Keywords: Aging, cerebral blood flow, hemodynamics, imaging, magnetic resonance imaging

Introduction

The brain is the most energy-demanding organ in the body with a high metabolic rate for oxygen and glucose utilization. The structural and functional integrity of the brain relies on a delicate balance of neurovascular coupling between the substrate delivery through brain perfusion and the energy demand imposed by sustained neural activity.1 A widely accepted dogma has been that approximately 15–20% of the cardiac output (CO) is distributed to the brain in healthy adults under resting conditions2; however, few studies have been conducted to determine whether the distribution of CO directed to the brain alters across the adult lifespan and is influenced by systemic and/or cerebral hemodynamic factors such as physical fitness level, cardiac function, and arterial stiffness.
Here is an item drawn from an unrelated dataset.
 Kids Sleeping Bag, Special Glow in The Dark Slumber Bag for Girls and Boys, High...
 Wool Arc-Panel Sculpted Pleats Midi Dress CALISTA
Previous studies have documented that cerebral blood flow (CBF) decreases with aging, which has been attributed to a decrease in brain metabolic rate and/or increase in cerebrovascular resistance (CVR).35 However, whether CO changes with aging is unclear; and the presence or absence of cardiovascular disease or other confounding factors such as individual variability of physical activity or body mass index (BMI) may have contributed to the inconsistent observations of age-related changes in CO.69 In addition, most studies have been focused on the effects of aging on CO or CBF separately and did not measure them concurrently in the same subjects10,11; therefore, the influences of age or other potential covariates on the CO-CBF relationship remain unknown.
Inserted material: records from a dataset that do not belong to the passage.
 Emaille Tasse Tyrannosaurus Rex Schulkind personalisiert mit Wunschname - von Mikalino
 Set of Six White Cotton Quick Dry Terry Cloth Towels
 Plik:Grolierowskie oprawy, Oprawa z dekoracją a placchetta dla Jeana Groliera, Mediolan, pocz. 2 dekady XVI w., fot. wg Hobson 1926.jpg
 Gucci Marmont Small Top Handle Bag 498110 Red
Sex differences in both CO and CBF have been observed5,1214; recent studies also showed that obesity is negatively associated with brain perfusion and function.1517 Conversely, physical activity may attenuate age-related CBF decline as indicated by a positive association between maximal oxygen uptake (VO2 max) and CBF.1820 Finally, cardiac contractility, central arterial stiffness, and arterial blood pressure all may affect the CO-CBF relationship through either cardiovascular or neurovascular coupling.2123

The purpose of this study was to determine the impact of age and sex as well as systemic and cerebral hemodynamic variables on the distribution of CO directed to the brain as measured by the CBF/CO ratio index (CCRI) in healthy subjects across the adult lifespan.

Methods Participants

One hundred and thirty-nine healthy participants aged between 21 and 80 years (88 women; 85% Caucasian, 9% African American, 6% Asian) were recruited through study flyers and newspaper advertisements from the Dallas-Fort Worth metroplex. Exclusion criteria included pathophysiological conditions, which may have significant impact on the CO-CBF relationship: the presence of ischemic or structural heart disease (screened using 12-lead electrocardiogram and echocardiography), high blood pressure > 140/90 mmHg (measured using 24-h ambulatory blood pressure), carotid artery atherosclerotic plaque or stenosis (occlusion of the common and/or internal carotid artery by > 50% by ultrasound),24 diabetes (screened by the presence of symptoms, using antidiabetic drugs or fasting glucose > 126 mg/dL), BMI > 35 kg/m2, smoking, and the presence or history of cerebrovascular (e.g. stroke), neurologic, psychiatric, or inflammatory diseases, brain damage or trauma, hypothyroidism, active alcohol, or drug abuse. Pregnant or breast-feeding women and individuals who participated in regular exercise training were also excluded. This study was approved by the Institutional Review Board of the University of Texas Southwestern Medical Center and Texas Health Presbyterian Hospital Dallas and was performed in accordance with the guidelines of the Declaration of Helsinki and Belmont Report. A written informed consent was signed by all subjects for study participation.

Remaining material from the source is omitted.